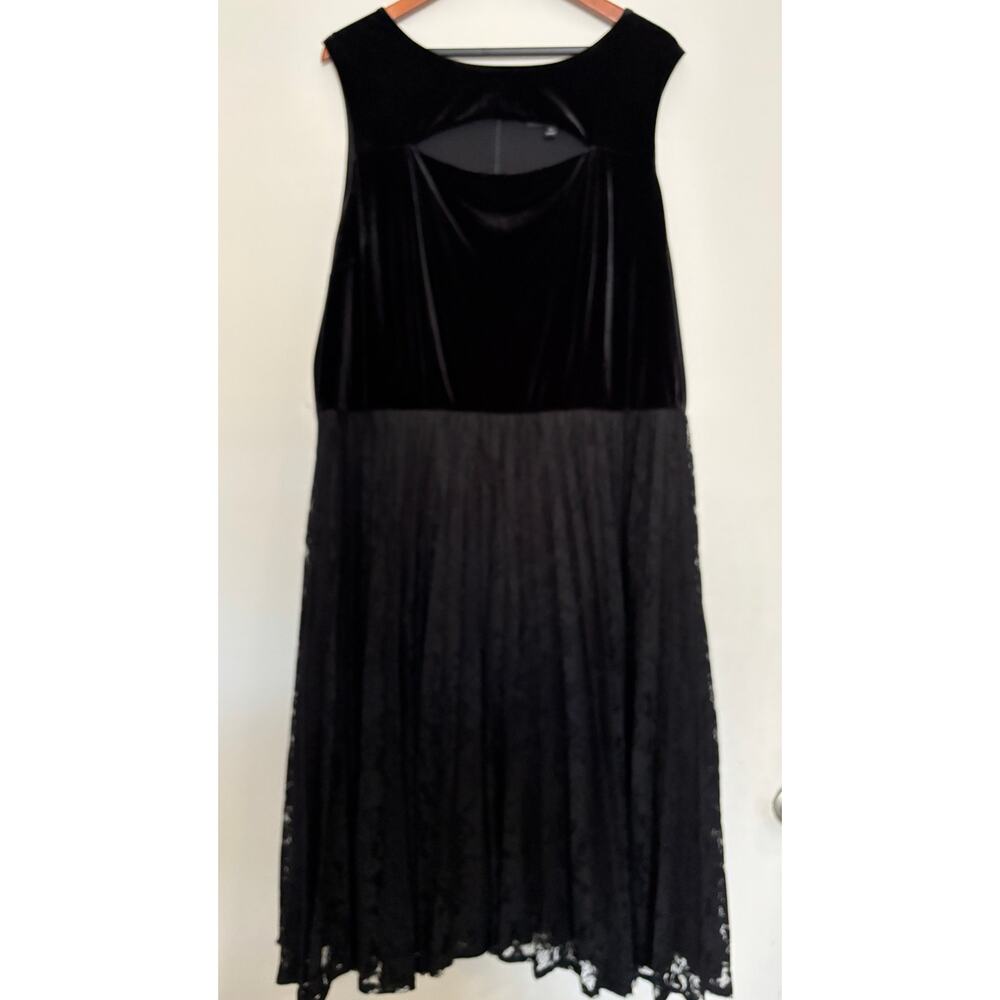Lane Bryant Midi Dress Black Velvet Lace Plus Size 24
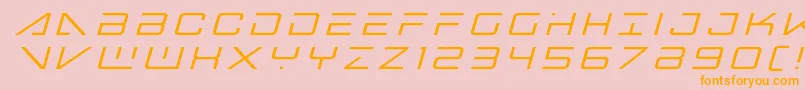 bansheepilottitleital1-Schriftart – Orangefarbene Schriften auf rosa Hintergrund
· · ·
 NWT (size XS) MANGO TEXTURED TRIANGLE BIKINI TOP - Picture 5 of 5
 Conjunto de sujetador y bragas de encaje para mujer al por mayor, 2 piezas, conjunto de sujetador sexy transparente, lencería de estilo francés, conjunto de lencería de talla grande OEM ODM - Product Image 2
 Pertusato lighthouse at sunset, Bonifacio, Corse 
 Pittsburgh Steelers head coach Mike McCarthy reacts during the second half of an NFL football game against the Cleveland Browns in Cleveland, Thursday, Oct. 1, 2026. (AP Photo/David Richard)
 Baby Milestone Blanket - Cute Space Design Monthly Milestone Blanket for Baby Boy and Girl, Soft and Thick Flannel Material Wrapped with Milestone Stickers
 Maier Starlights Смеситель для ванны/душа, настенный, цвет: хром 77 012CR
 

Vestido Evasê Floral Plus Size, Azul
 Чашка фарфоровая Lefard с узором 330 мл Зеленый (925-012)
· · ·
**Work order**
Everything above from the line containing "Pertusato lighthouse at" through the line containing "Чашка фарфоровая Lefard" must be copied exactly. Nothing outside that range belongs in the answer.

**Answer space**
 Pertusato lighthouse at sunset, Bonifacio, Corse 
 Pittsburgh Steelers head coach Mike McCarthy reacts during the second half of an NFL football game against the Cleveland Browns in Cleveland, Thursday, Oct. 1, 2026. (AP Photo/David Richard)
 Baby Milestone Blanket - Cute Space Design Monthly Milestone Blanket for Baby Boy and Girl, Soft and Thick Flannel Material Wrapped with Milestone Stickers
 Maier Starlights Смеситель для ванны/душа, настенный, цвет: хром 77 012CR
 

Vestido Evasê Floral Plus Size, Azul
 Чашка фарфоровая Lefard с узором 330 мл Зеленый (925-012)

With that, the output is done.